Sur la demande de délais de paiement
Aux termes de l’article R. 243-21 du code de la sécurité sociale, « le directeur de l’organisme chargé du recouvrement des cotisations a la possibilité d’accorder des échéanciers de paiement et des sursis à poursuites pour le règlement des cotisations et contributions sociales, des pénalités et des majorations de retard. L’échéancier ou le sursis prévu à l’alinéa précédent doit être assorti de garanties du débiteur qui sont appréciées par le directeur de l’organisme chargé du recouvrement des cotisations. Les dispositions du présent article s’appliquent aux cotisations dont sont redevables les employeurs à la condition qu’ils aient procédé au reversement intégral des cotisations salariales dues ».
Aux termes d’une jurisprudence constante, " l’article 1244-1 du code civil [actuellement l’article 1343-5 du code civil] n’est pas applicable devant la juridiction du contentieux général de la sécurité sociale saisie aux fins de paiement des cotisations et contributions sociales instituées par la loi " (Cass. civ. 2ème, 16 juin 2016, n° 15-18.390 ; Cass. civ. 2ème, 23 juin 2022, n° 21-10.291).
Ainsi, l’article 1345-5 du code civil prévoyant que le juge peut accorder des délais de paiement dans la limite de deux années n’est pas applicable devant la juridiction du contentieux général de la sécurité sociale saisie aux fins de paiement des cotisations et contributions sociales instituées par la loi.
En l’espèce, Monsieur [U] [S] sollicite des délais de paiement de la contrainte.
Au vu des éléments précédemment rappelés, le tribunal n’est pas compétent pour accorder des délais de paiements.

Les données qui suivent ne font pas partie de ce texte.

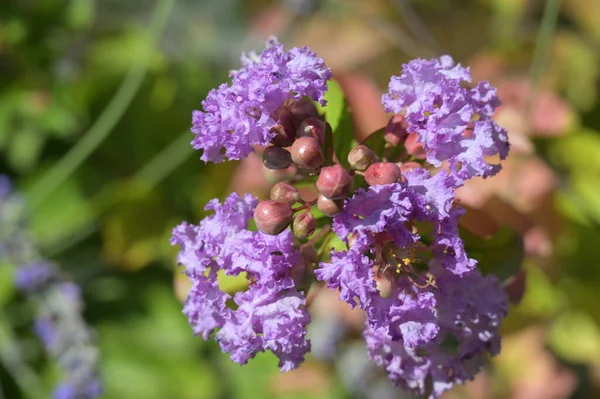 Primer Plano Hermosas Flores Púrpuras Concepto Verano —  Fotos de Stock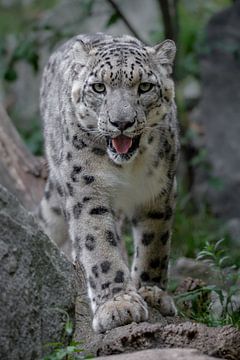 Snow leopard on the hunt by Jery Wormmeester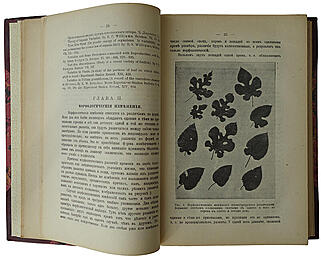 Основы племенного разведения (Антикварная книга 1912г.)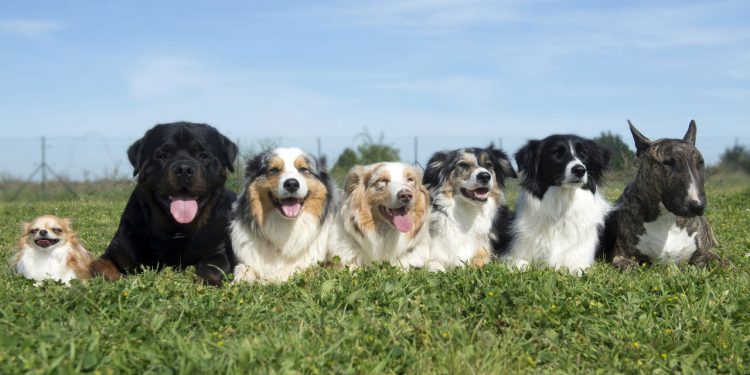 As raças de cães mais propensas ao mau cheiro e como evitar esse problema em casa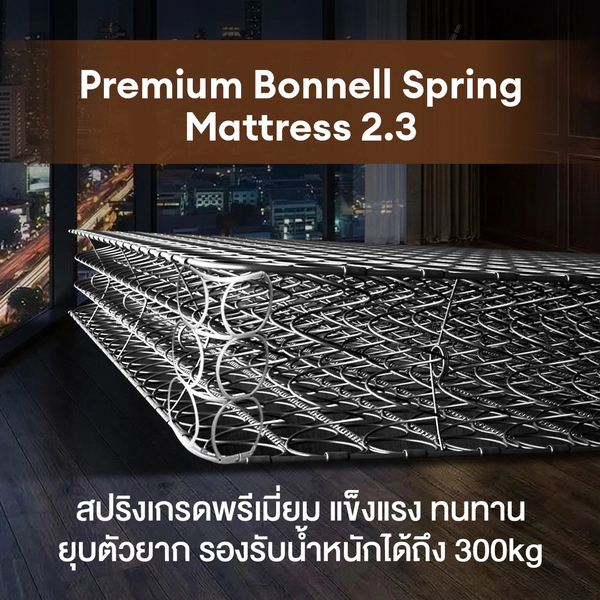 Hotel Deluxe - Image 4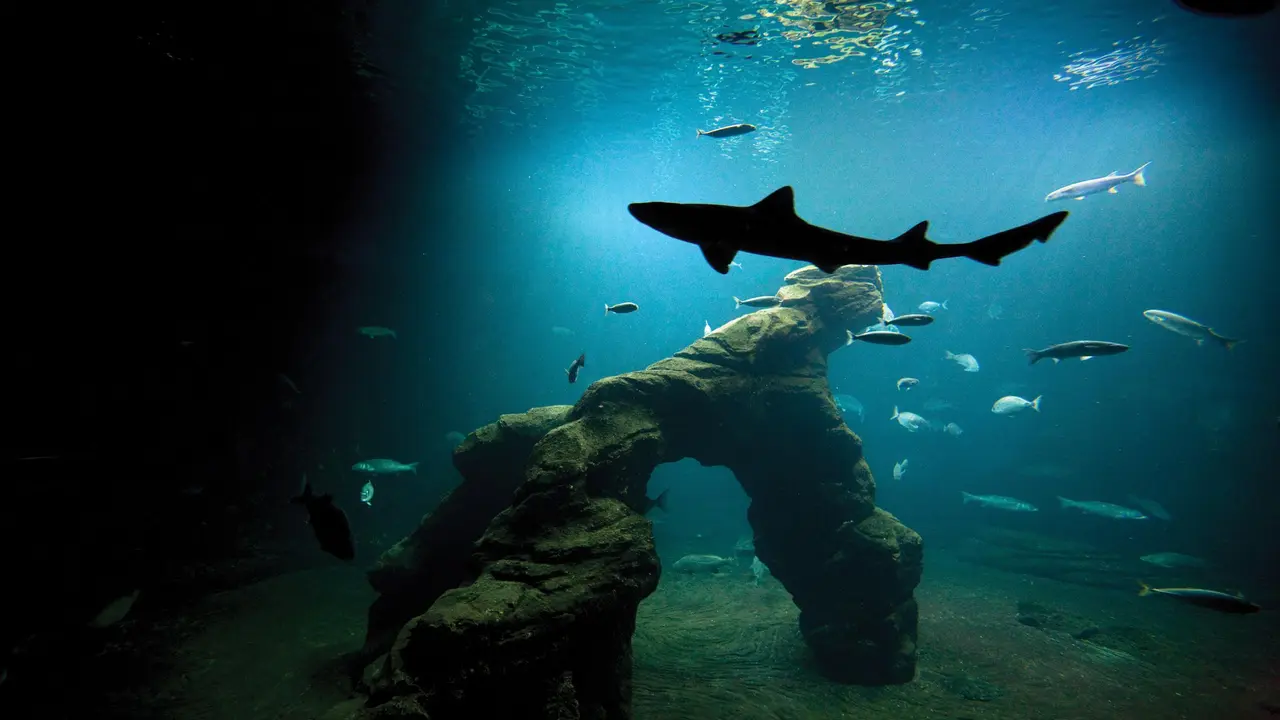 Tiburones en el Museo Mar&iacute;timo de Santander. / EP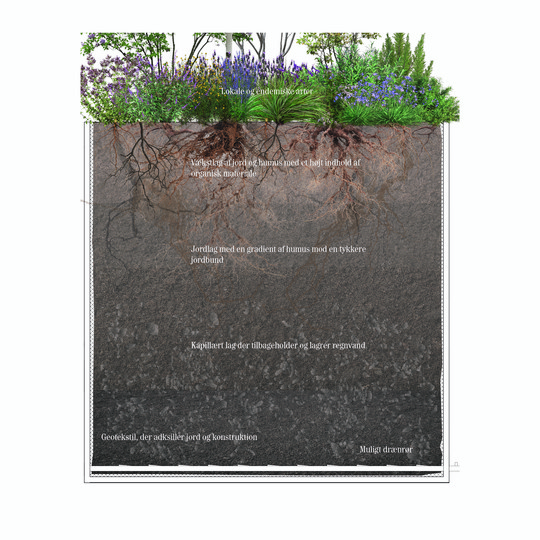 Section through a planter showing vegetation, soil, humus, water-retaining layer, geotextile, and drainage.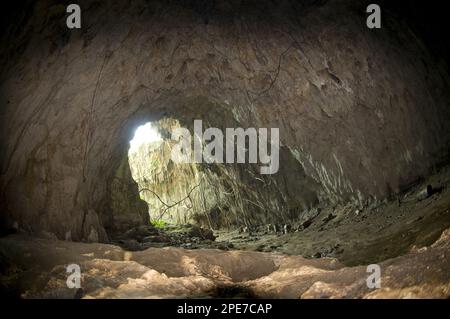 Im Inneren der Höhle, bekannt als japanische Höhle, weil 5000 Japaner hier im Zweiten Weltkrieg getötet wurden, Gua Binsari, Biak, West Papua (Irian Jaya) Stockfoto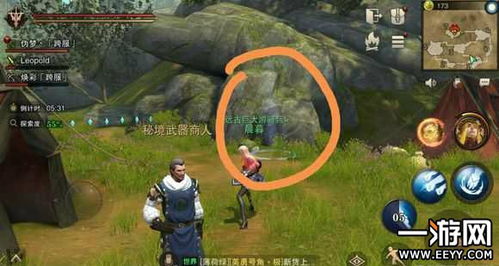 滨松秘境探宝：解锁千千古与滨松木灵宝藏攻略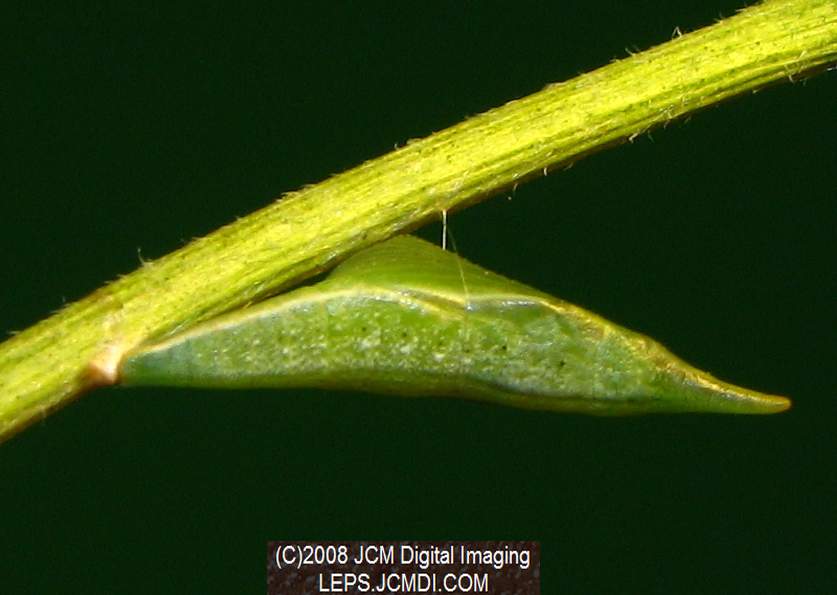 Sara Orange-Tip butterfly pupa
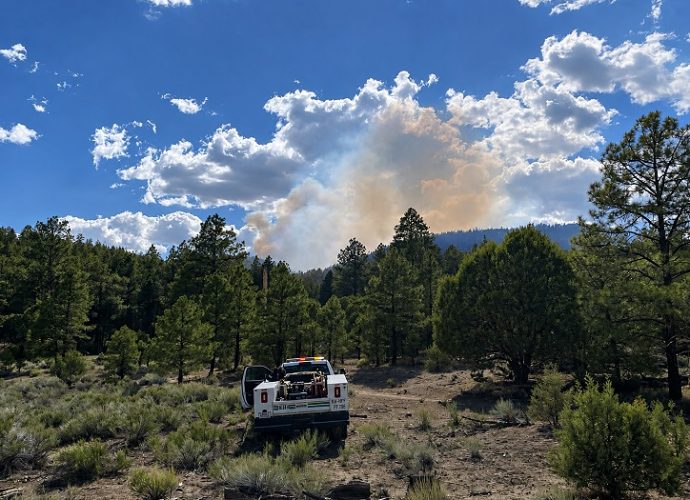 Smoke plume from the Bear Fire rises above a forested area in the Gila National Forest as a firefighting vehicle sits in the foreground.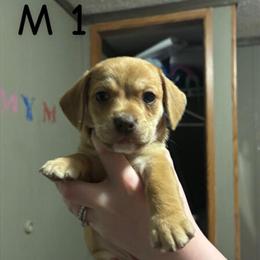 Cockapoo puppies ready for loving homes in Flint, mi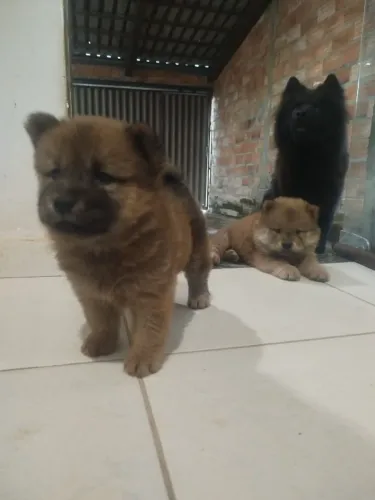 FILHOTES DE CHOW CHOW - VENDA RÁPIDA! ?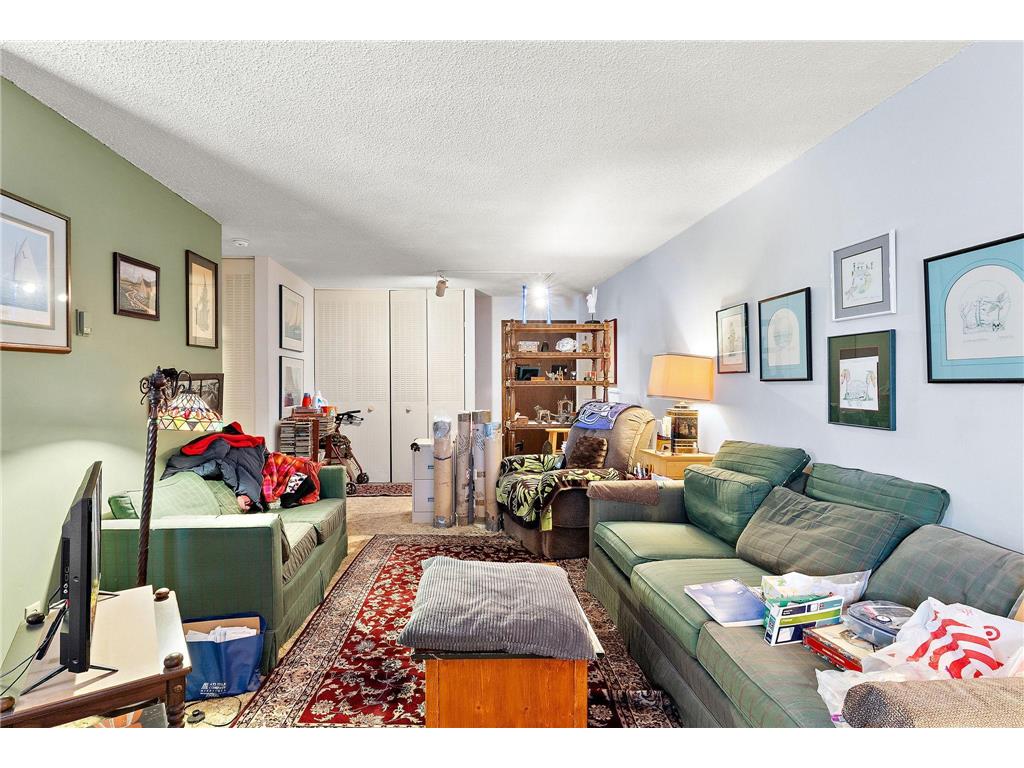 2610 Garfield Avenue #101 Minneapolis MN 55408 6826221 image3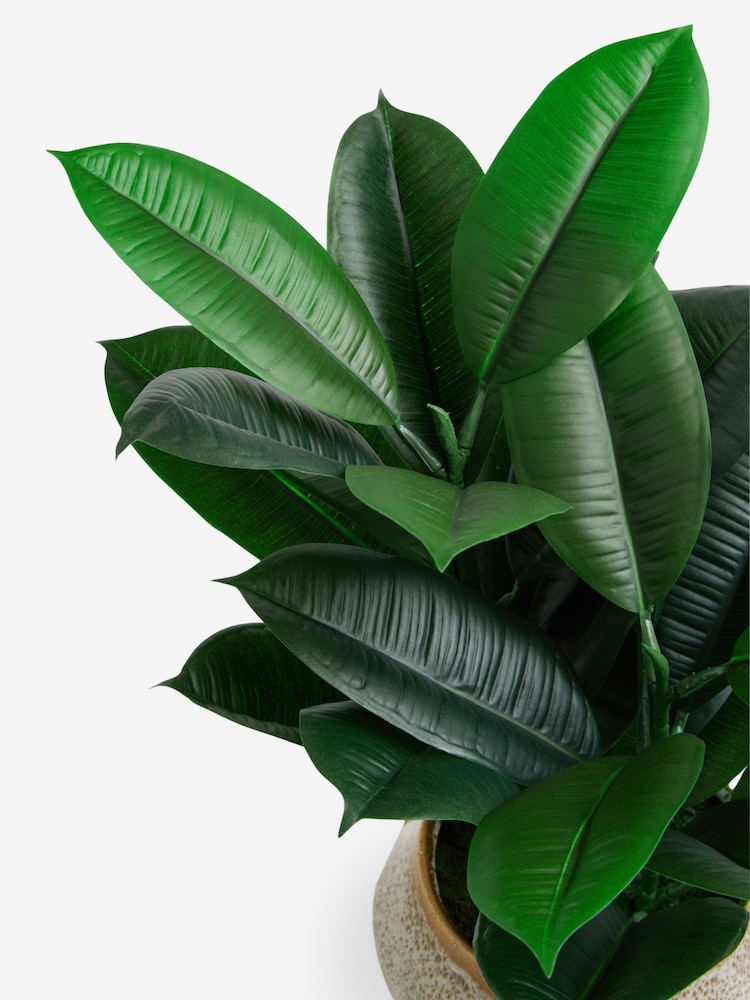 Green Artificial Rubber Plant in Ceramic Pot - Image 4 of 4
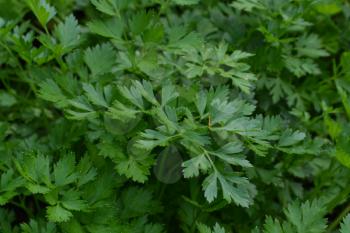 Parsley. Petroselinum. parsley leaves. Green leaves. Parsley growing in the garden. Close-up. Garden. Farm. Agriculture. Growing herbs. Horizontal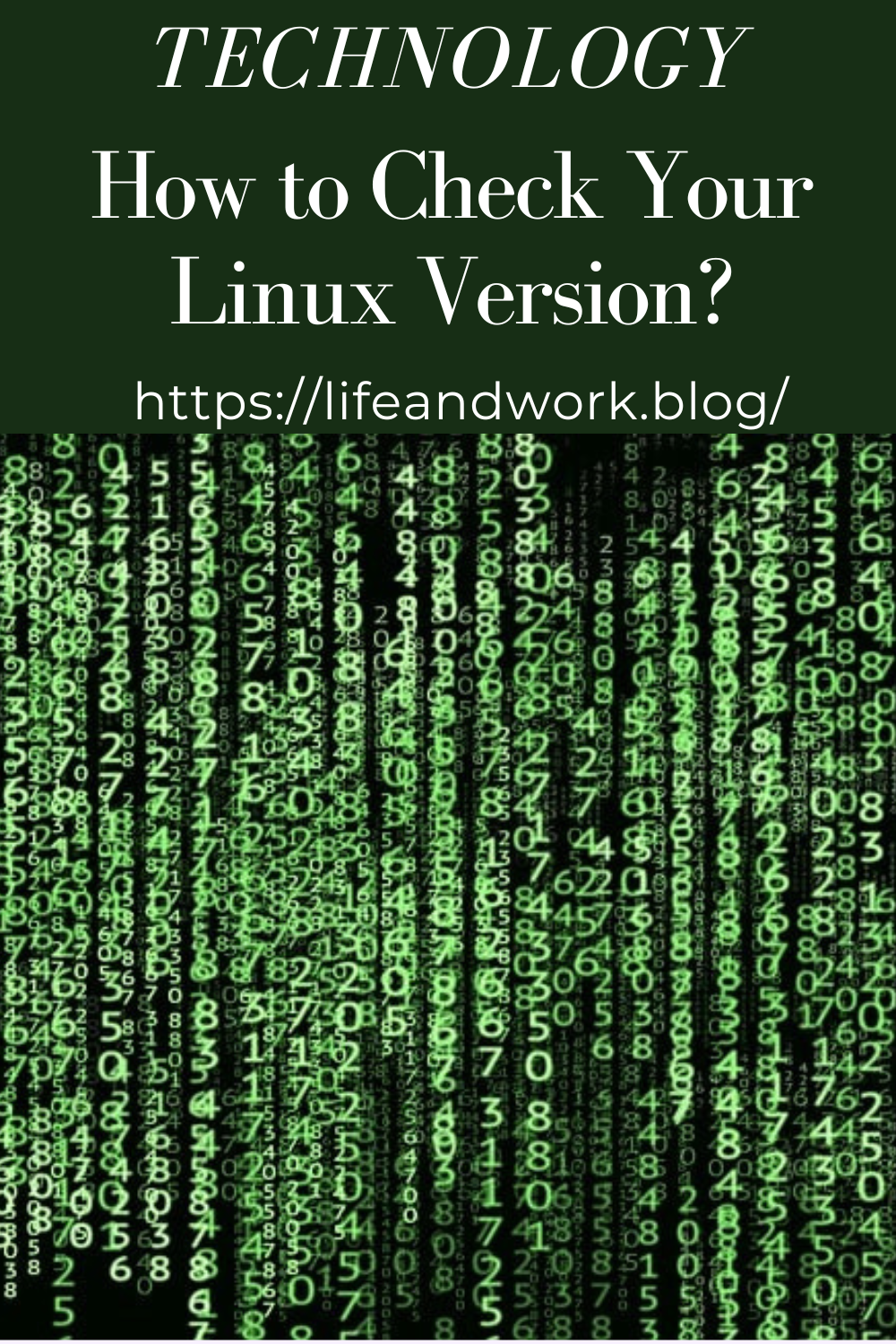 Technology – How to Check Your Linux Version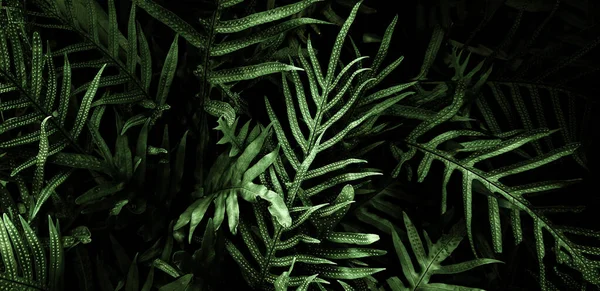 Tropical green leaf background, Dark tone theme.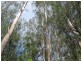 Lot 8 Mitchell’s Road, Valla NSW 2448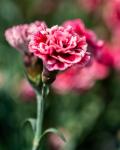 Red Bouquet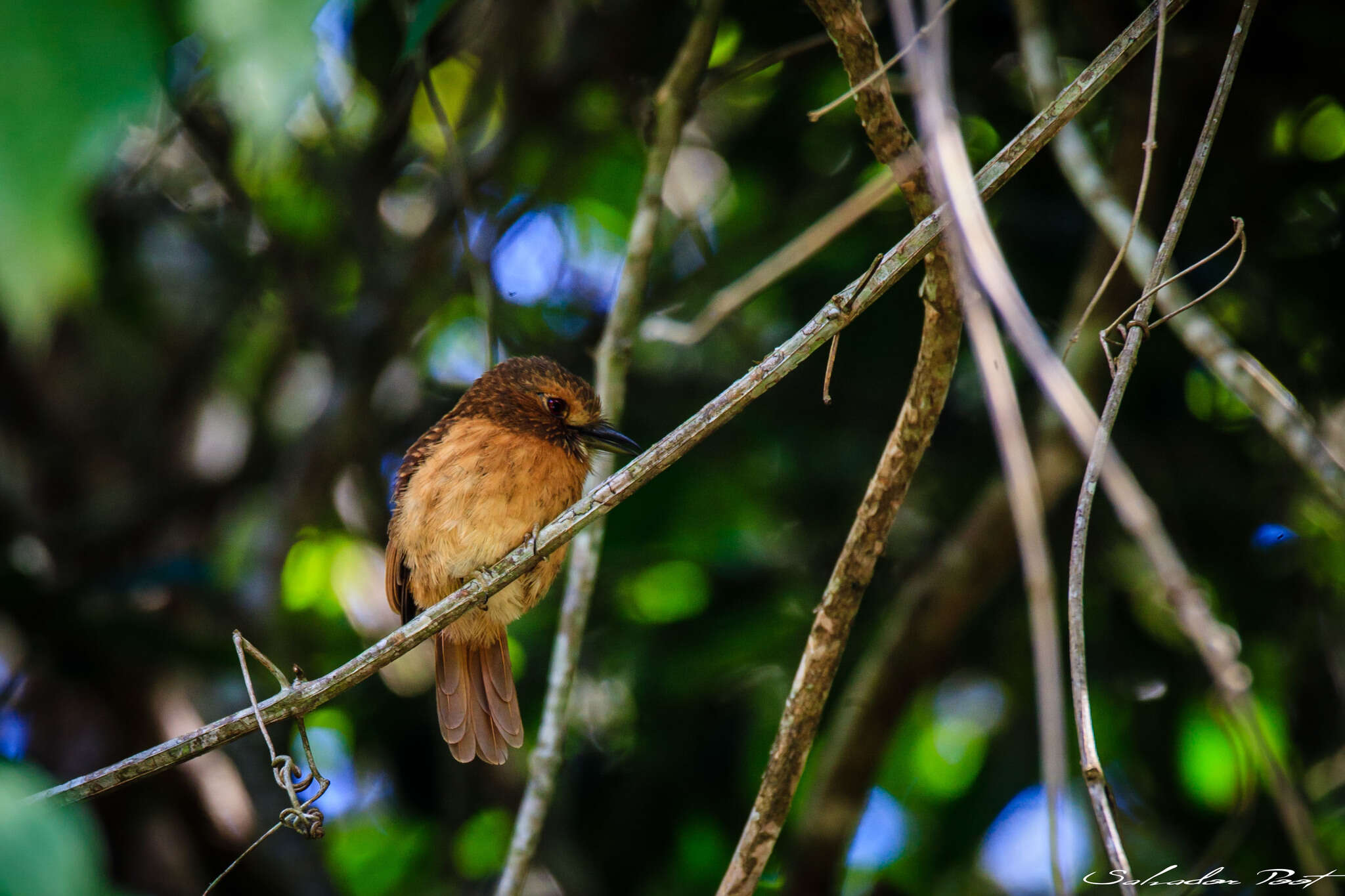 Image of White-whiskered Puffbird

Il appartiendra le cas échéant à Monsieur [U] [S] de se rapprocher du directeur de l’organisme de recouvrement afin de convenir éventuellement d’un paiement échelonné de sa dette.
En conséquence, Monsieur [U] [S] sera débouté de sa demande formulée à ce titre.
Sur les frais de signification de la contrainte
L’article R. 133-6 du Code de la sécurité sociale dispose que les frais de signification de la contrainte faite dans les conditions prévues à l’article R133-3, ainsi que de tous actes de procédure nécessaire à son exécution, sont à la charge du débiteur, sauf lorsque l’opposition a été jugée fondée..
En conséquence, les frais de signification des contraintes émises respectivement le 10 janvier 2024 et le 27 mars 2025 seront à la charge de Monsieur [U] [S].
Sur les dépens et sur l’exécution provisoire
En vertu de l’article 696 du code de procédure civile, la partie perdante est condamnée aux dépens, à moins que le juge par décision motivée, n’en mette la totalité ou à une fraction à la charge d’une autre partie.
En l’espèce, Monsieur [U] [S] succombant à l’instance, il en supportera les dépens engagés.
Aux termes de l’article R133-3 du code de sécurité sociale, la décision du tribunal, statuant sur opposition, est exécutoire de droit à titre provisoire.
PAR CES MOTIFS
Le Tribunal, statuant par jugement contradictoire, rendu en premier ressort, par mise à disposition au greffe, le 20 avril 2026 :
ORDONNE la jonction des recours enrôlés sous le numéro de RG 25/00279 et RG 24/00137
DECLARE recevable l’opposition à la contrainte n°0099374004 émise le 10 janvier 2024, signifiée le 11 janvier 2024 à l’encontre Monsieur [U] [S] ;
DECLARE recevable l’opposition à la contrainte n°0102048438 émise le 27 mars 2025, signifiée le 01 avril 2025 à l’encontre Monsieur [U] [S] ;
VALIDE la contrainte n°0099374004 ;
VALIDE la contrainte n°0102048438 ;
CONDAMNE Monsieur [U] [S] à verser à l’URSSAF pour un montant ramené à la somme de 2.968€ ;
CONDAMNE Monsieur [U] [S] à verser à l’URSSAF pour un montant ramené à la somme de 3.413,52€ ;
CONDAMNE Monsieur [U] [S] à verser à l’URSSAF les frais de recouvrement ;
RAPPELLE que la décision du Tribunal, statuant sur opposition à contrainte est exécutoire de droit à titre provisoire en vertu des dispositions de l’article R133-3 du code de la sécurité sociale ;
CONDAMNE Monsieur [U] [S] aux entiers dépens.